I am using pipeline builder to extarct text from pdf using layout aware method (text and tables). While extraction I am having issue with product codes which is a alphanumeric code. For example “ABGH00WA”, But text is extracted as “ABGHOOWA”.
Not always but in some of the cases it is getting confused with number 0 with alphabet O and also in some scenarios it’s confused with IQ with 1Q.
FYI : My end goal is to create a chat assistant
How to overcome these issues? Any help will be appreciated
This is a common challenge when extracting text from PDFs, especially with layout-aware methods. Optical Character Recognition (OCR) engines can sometimes confuse similar-looking characters, such as “0” (zero) and “O” (capital o), or “I” (uppercase i), “1” (one), and “l” (lowercase L).
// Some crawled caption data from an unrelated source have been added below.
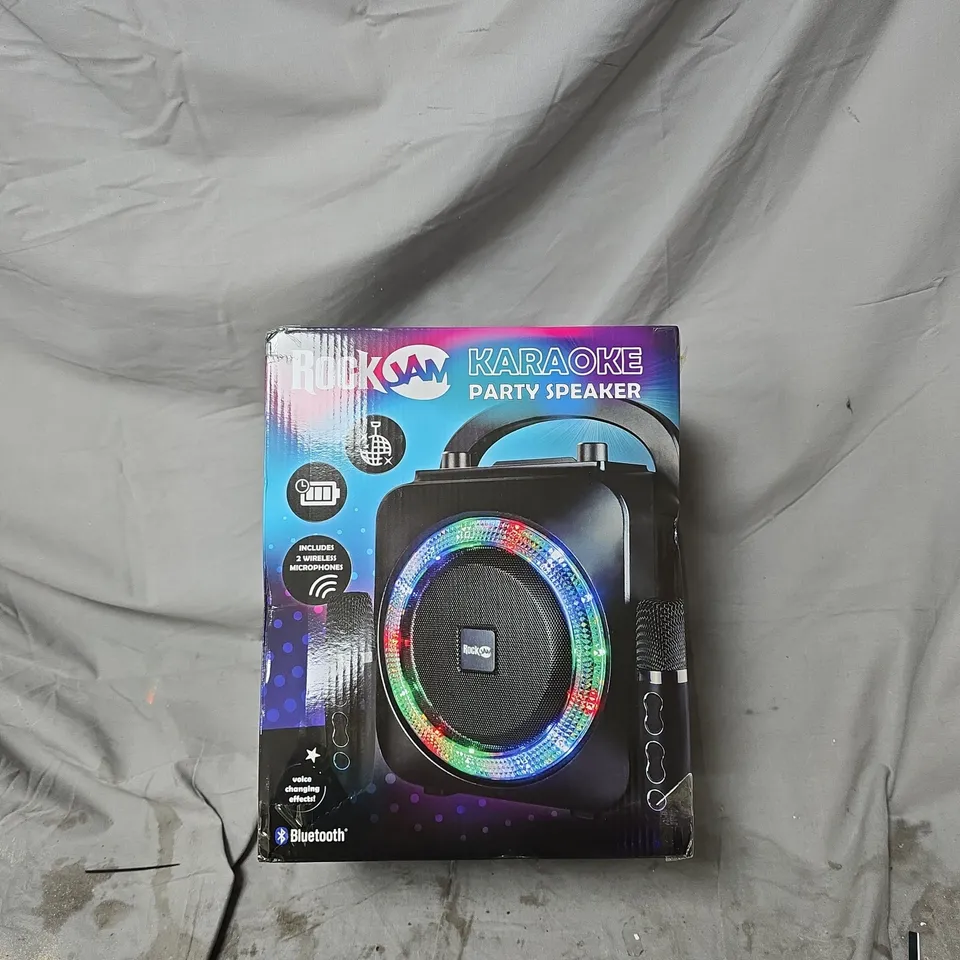 ROCKJAM KARAOKE PARTY SPEAKER WITH ACCESSORIES. BOXED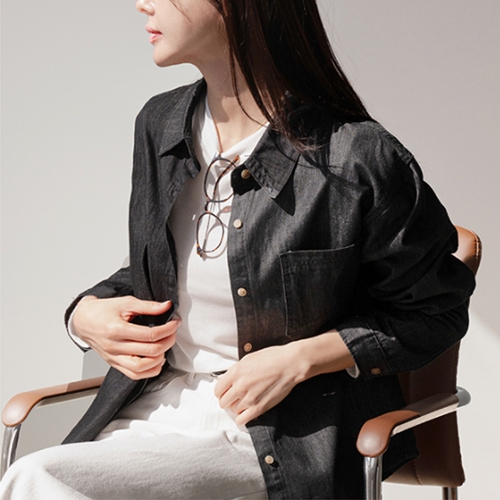 Marine Nonfade Raw Denim Shirt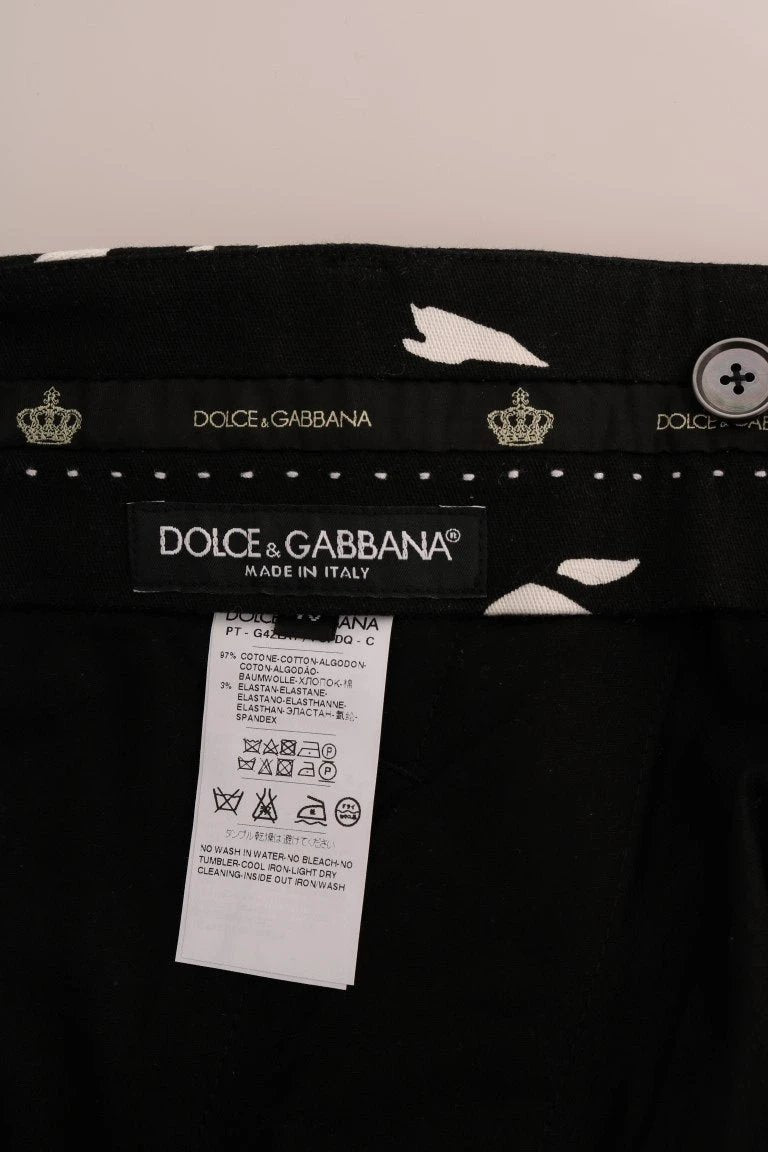 Dolce & Gabbana Black Tree Cotton Stretch Pants by Dolce & Gabbana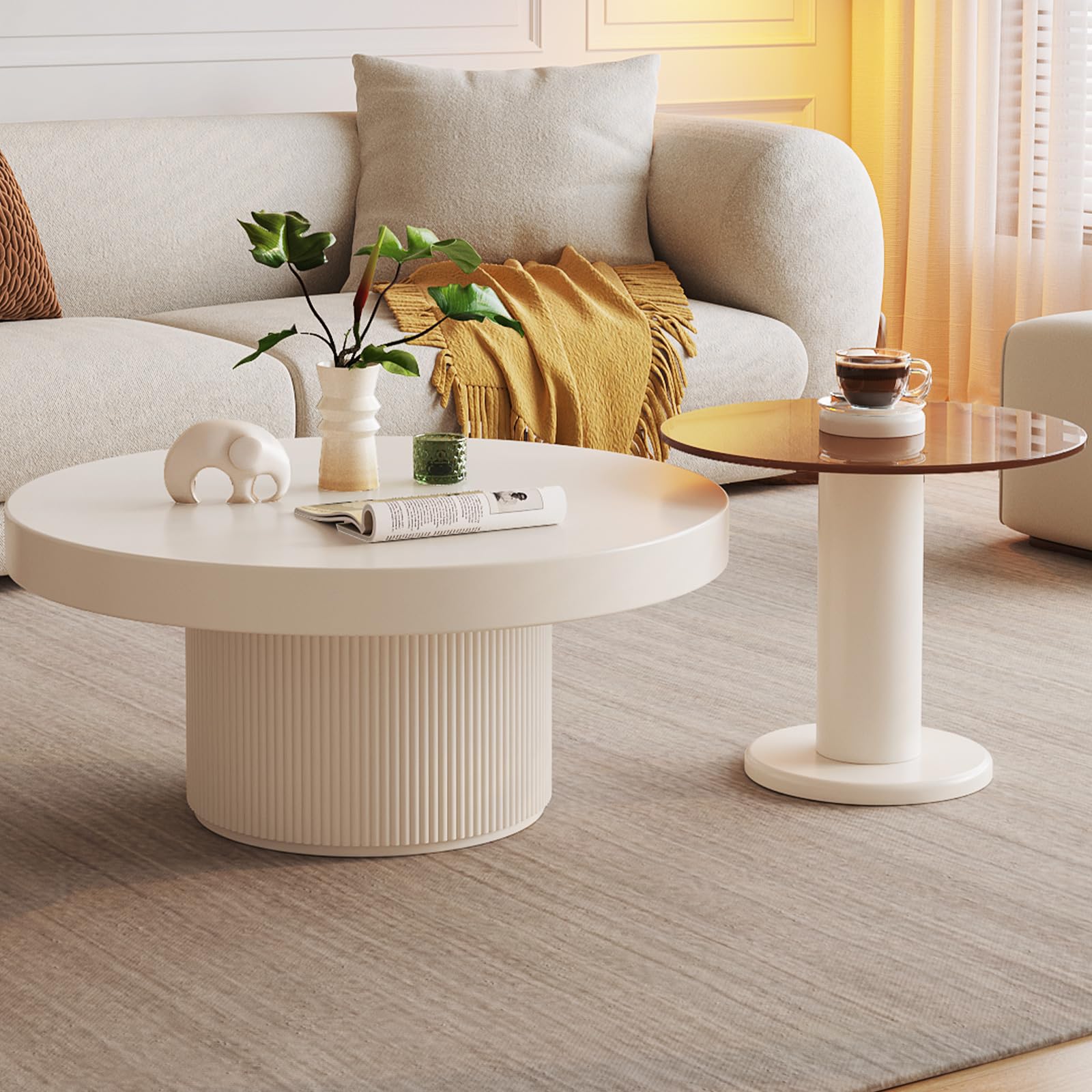 Round Nesting Coffee Table Set of 2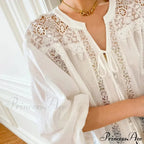 White Cotton Lace Lantern Sleeve Generous Boho Top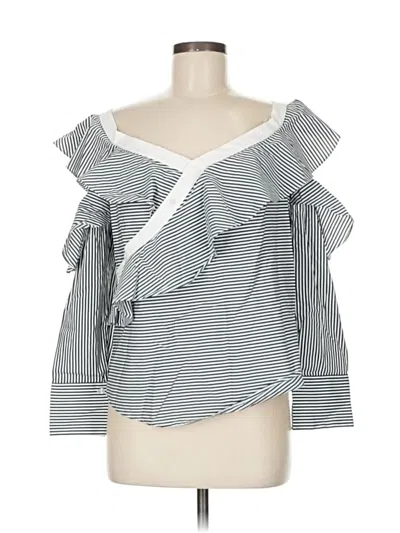 Pre-owned Laundry By Shelli Segal 3/4 Sleeve Blouse In Gray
Here are a few strategies to help mitigate these issues:
Post-Processing with Validation Rules
If your product codes follow a specific pattern (e.g., always 8 characters, always alphanumeric), you can use regular expressions or custom validation logic to detect and possibly correct common mistakes (e.g., replacing “O” with “0” if the code should contain a zero).
Dictionary or Reference List
If you have a list of valid product codes, you can match extracted codes against this list and use fuzzy matching (e.g., Levenshtein distance) to auto-correct minor extraction errors.
Manual Review for Edge Cases
For critical applications, consider flagging low-confidence extractions for manual review.
Multiple Extraction Methods
Sometimes running more than one extraction method (e.g., both layout-aware and plain text extraction) and comparing results can help catch inconsistencies.
While it’s difficult to guarantee 100% accuracy with OCR and LLMs, combining these strategies can help reduce errors, especially for structured data like product codes.